You buy a house. Two weeks later, an envelope shows up from a company you’ve never heard of, addressed to you with your address, lender name, and exact mortgage balance pre-printed inside. The pitch: “Mortgage Protection Insurance — pays off your home if something happens to you.”
This is a real product, sold by real licensed agents, with real coverage. It’s also almost always the wrong product for the job. Here’s why, and what you should buy instead.
What mortgage protection insurance (MPI) actually is
MPI is a decreasing-term life insurance policy structured to pay off your mortgage balance when you die. As your mortgage balance drops over time, the policy’s death benefit drops alongside it. When the mortgage is paid off, the policy ends.
Some MPI variants are level-benefit term policies (the death benefit stays constant) — those are functionally identical to regular term life insurance, just sold under the MPI marketing label.
The death benefit is typically paid to your lender, not to your family. The lender uses it to pay off the mortgage, and your family inherits the home free and clear.
The 4 problems with most MPI policies
1. Decreasing benefit, level premium
A standard MPI policy has a death benefit that drops over the loan term, but the premium stays level. So in year 1, you might be paying for $400K of coverage. In year 25, you’re paying the same premium for $80K of coverage. You’re effectively paying more per dollar of coverage every year.
A 30-year level term policy keeps both the premium AND the death benefit level. If your mortgage is paid off in year 22, your family still has the full $400K of coverage to do whatever they need with — pay off the home, fund education, replace income, whatever.

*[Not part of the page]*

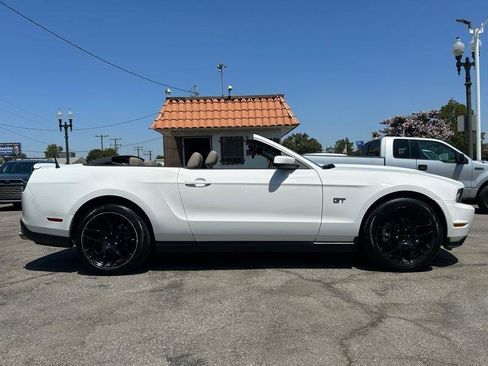 Used 2010 Ford Mustang GT RWD image 5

2. Beneficiary is the lender, not your family
MPI typically pays the lender directly. Your family ends up with a paid-off house but no liquidity. Worse: if the family wants to keep the mortgage in place (sometimes optimal — low interest rate, tax deduction, freeing up cash for other priorities), MPI’s structured payoff doesn’t allow that flexibility.
A level term policy pays your beneficiary, who can then choose: pay off the mortgage, keep it and invest the death benefit, or split the difference.
3. Often sold by referral mailing lists, not by brokers
MPI is heavily marketed through lead lists generated from public mortgage records. The agents writing these policies are often captive agents working a single carrier with a single product. There’s no comparison shopping; you get the carrier’s price, not the best available price.
4. Premium per $1K of coverage is usually higher than open-market term
A healthy 35-year-old with a $400K mortgage can typically get:
- MPI (decreasing term): $50–$70/month
- Open-market 30-year level term ($400K): $30–$40/month
For roughly half the cost, you get more coverage (level instead of decreasing), better beneficiary control (your family, not your lender), and you can comparison shop across 6-8 carriers.
When MPI actually wins
There’s one scenario where MPI is the right call: you can’t qualify for regular term life insurance. Most MPI products are simplified-issue (questionnaire only, no exam) and have looser underwriting than fully-underwritten term. If your health is bad enough that fully-underwritten term carriers decline you, MPI may issue when others won’t.
But even then, you should compare MPI against simplified-issue or accelerated-underwriting term from a major carrier first. Often, those programs will issue when the applicant assumes they’d be declined.
The 5-minute test before buying any MPI
If you’ve received an MPI mailer or call, before signing anything, do this:
- Get a 30-year level term quote from a broker. Tell us your age, BMI, nicotine status, and any major health conditions. We’ll quote 5–8 carriers in 24 hours.
- Compare the level term premium to the MPI premium. 9 times out of 10, level term wins by 30–50%.
- Compare the level term face amount to the MPI face amount. Level term gives you the same dollar amount over the entire term; MPI’s amount drops every year.
- Check who the beneficiary is. MPI pays the lender; level term pays your spouse/family/trust.
If you’ve already bought MPI and it’s still in its free look period (10–30 days, varies by state), you can typically cancel for a full refund.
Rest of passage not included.